So you have never owned any of these guns; you have never carried any of these guns as part of your job duties; you have never been trained to use these guns in any kind of formal or informal setting; you have never used these guns for hunting or recreation, other than shooting an AR15 at a range one time; you have never practiced any kind of tactical drills using these guns; an up until recently you were apparently not aware of the differences between a nineteenth century .22 caliber cartridge like the 22 Short, 22 Long, 22 Long Rifle, and a more modern .223 Remington cartridge. Yes, I followed up on Elixir's comment and reviewed your posting history on the subject. Forgive me for being so blunt, but you know nothing about these guns, or firearms in general. I don't know where you are getting your information, perhaps playing Call of Duty or similar games in mommy's basement, and casually dropping terms like "bump stock" and and "Glock switch" to appear to speak with authority on the subject, authority you do not possess. You appear to believe that your experience playing Call of Duty supersedes the opinions of a person who has extensive experience hunting with, and later training with, carrying and fighting with these military rifles. Your assertion that the deletion of a full-auto sear from civilian AR15 style rifles makes it a completely different weapon is ridiculous. It is difficult to control the M16 in full-auto, you run out of ammo very quickly when using the gun this way, you might only be carrying 3 or 4 extra magazines, and you don't have the luxury of reloading the magazines while engaged in combat. For full auto we carried M60 machine guns, with everyone carrying extra belts to feed the beasts. And lots of grenades, which were far more effective at taking out fortified enemy positions and stopping assaults than our rifles.I have shot an AR15. At a gun range. I have never owned one, however.
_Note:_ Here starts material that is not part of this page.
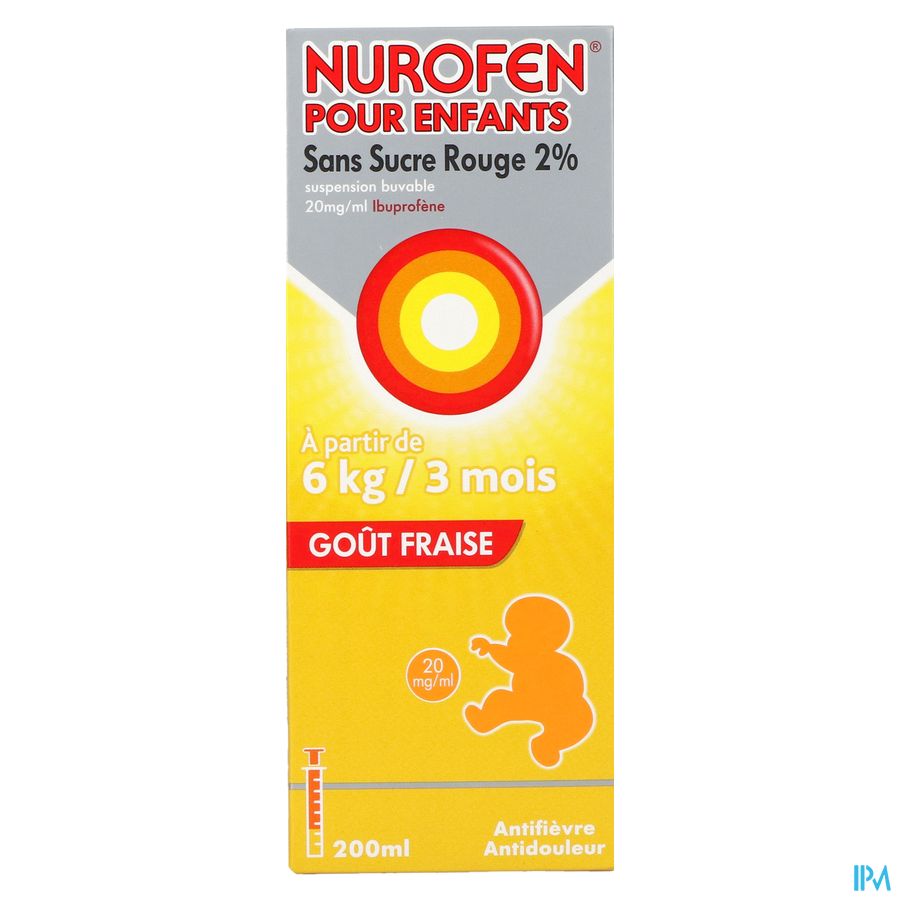 Nurofen Enfant Fraise Susp S/sucre 2% 200ml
The M16A1 is a deadly weapon, just as the modern derivations of the AR15 platform based on the M14 and M16 platforms are. The M16 can do enormous damage to soft human bodies and can penetrate body armor and even light skinned APC armor using the steel tip/core bullets we used. Much more so than the 45 auto cartridges in our 1911A sidearm. The modern Ar15 platform rifles and carbines available to the general public are just as devastatingly lethal, and better designed to the task of killing humans than the rifles we carried (our M16A1 rifles were prone to misfeeds caused by a poorly designed extractor).
I checked out my daughter's Mini 14 over the weekend. Its a nice gun, and feels like a scaled down M1 or M14 in my hands (I qualified with the M14 at Parris Island in 1967 and was issued my first M16 about a year later in Okinawa). The Ruger can be just as devastating in the hands of a professional operator, but it is no AR15. Which is why you don't see law enforcement carrying Mini 14s or bolt action rifles designed for hunting, they carry AR15s. According to my daughter who shoots AR15 rifles in competition - "you buy a Mini 14 to go plinking two or three times a year, you buy an AR15 if you are a professional operator and carry it every day". My daughter is a better shooter than the NCOs who trained us at the rifle range in the Corps, and her opinion carries a lot of weight with me. The Mini 14 is a very different gun from the M16/AR15 and is designed for a completely different purpose.